## Task item
Skip the pictures. Return exactly the lines from the one containing "Lowe LED TV" through the end of the entries below.
::::
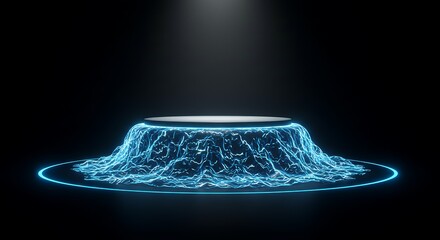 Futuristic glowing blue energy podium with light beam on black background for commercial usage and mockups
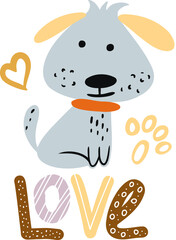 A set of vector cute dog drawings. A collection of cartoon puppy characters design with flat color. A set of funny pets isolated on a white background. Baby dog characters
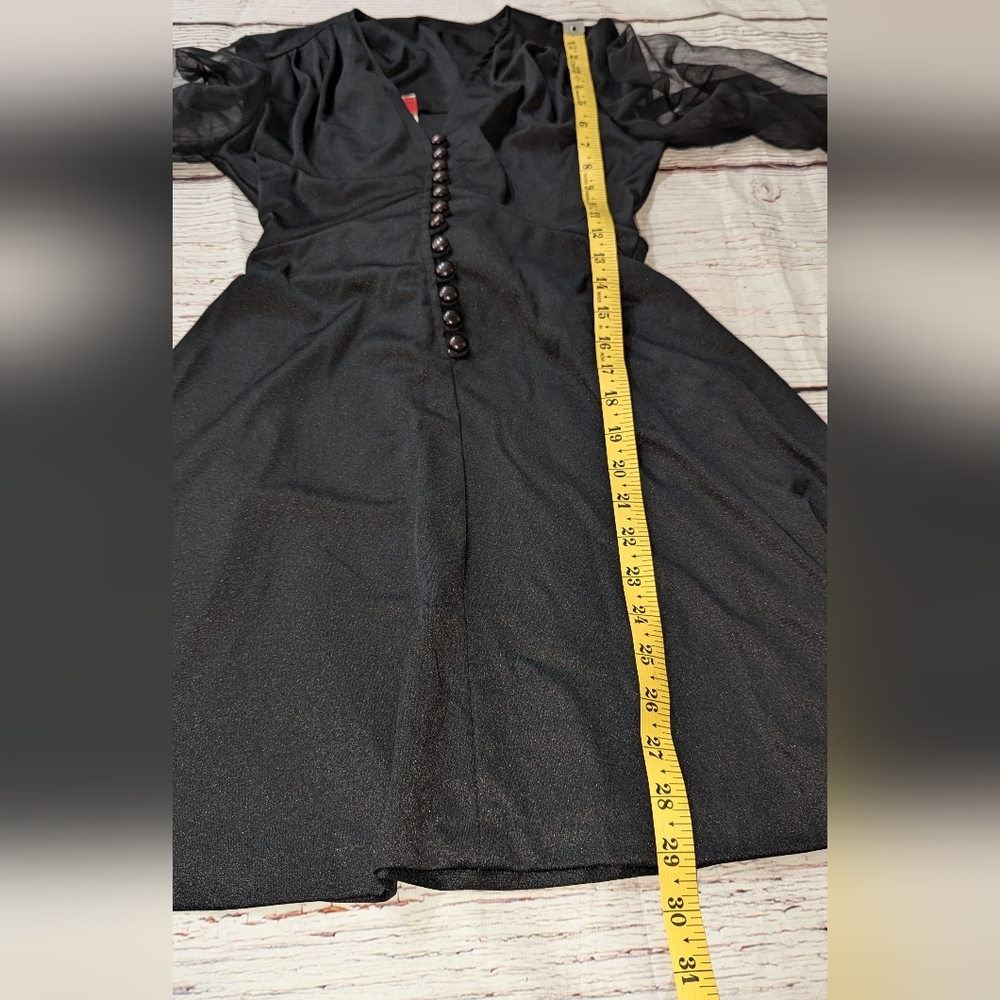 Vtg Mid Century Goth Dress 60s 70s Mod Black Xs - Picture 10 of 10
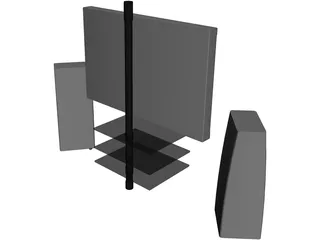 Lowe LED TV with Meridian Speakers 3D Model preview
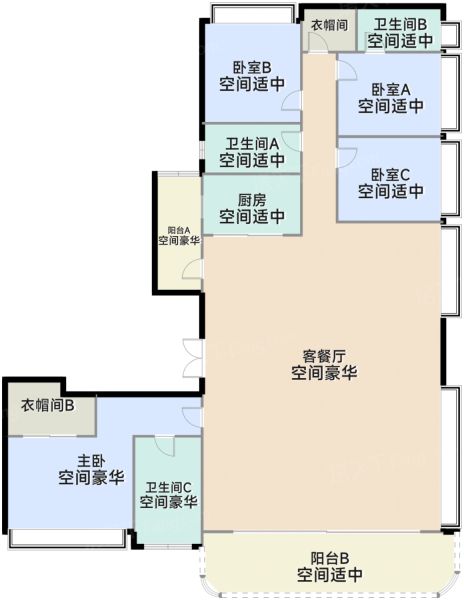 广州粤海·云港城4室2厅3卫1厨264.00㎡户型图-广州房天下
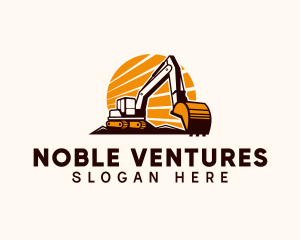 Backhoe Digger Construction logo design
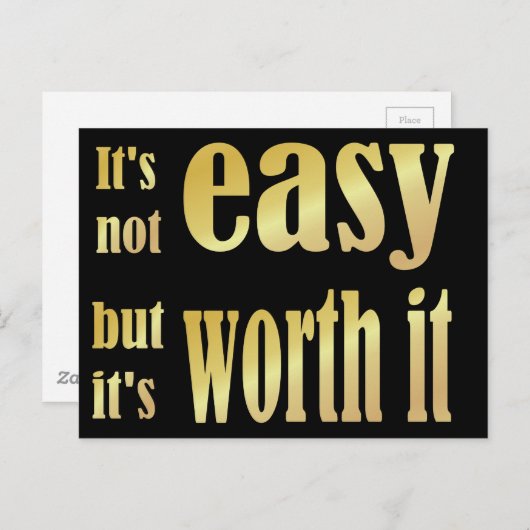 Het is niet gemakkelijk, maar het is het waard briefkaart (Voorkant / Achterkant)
::::
## Finished exercise
 Lowe LED TV with Meridian Speakers 3D Model preview
 广州粤海·云港城4室2厅3卫1厨264.00㎡户型图-广州房天下
 Backhoe Digger Construction logo design
 Het is niet gemakkelijk, maar het is het waard briefkaart (Voorkant / Achterkant)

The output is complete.